__Source records__.
= = =

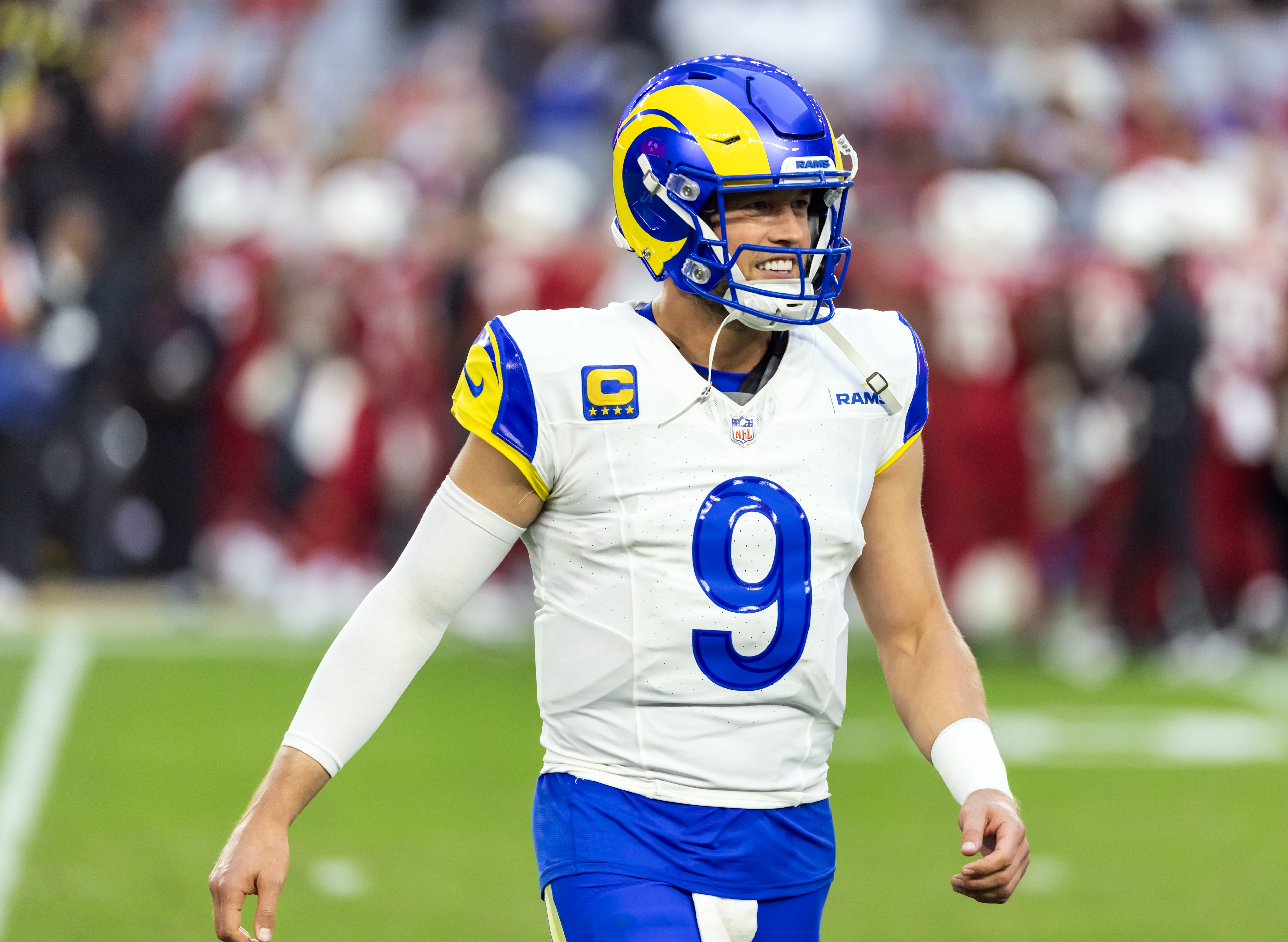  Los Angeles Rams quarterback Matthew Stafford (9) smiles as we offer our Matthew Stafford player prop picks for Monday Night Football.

= = =

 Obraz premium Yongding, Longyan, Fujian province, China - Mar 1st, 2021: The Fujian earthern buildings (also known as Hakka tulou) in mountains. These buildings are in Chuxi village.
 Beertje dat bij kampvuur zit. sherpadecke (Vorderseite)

= = =

__Your objective__.
All lines in the listing above from the line containing "Obraz premium Yongding, Longyan, Fujian" to the line containing "Beertje dat bij", inclusive, should be retyped exactly; no other lines should appear.

__Answer below__.
 Obraz premium Yongding, Longyan, Fujian province, China - Mar 1st, 2021: The Fujian earthern buildings (also known as Hakka tulou) in mountains. These buildings are in Chuxi village.
 Beertje dat bij kampvuur zit. sherpadecke (Vorderseite)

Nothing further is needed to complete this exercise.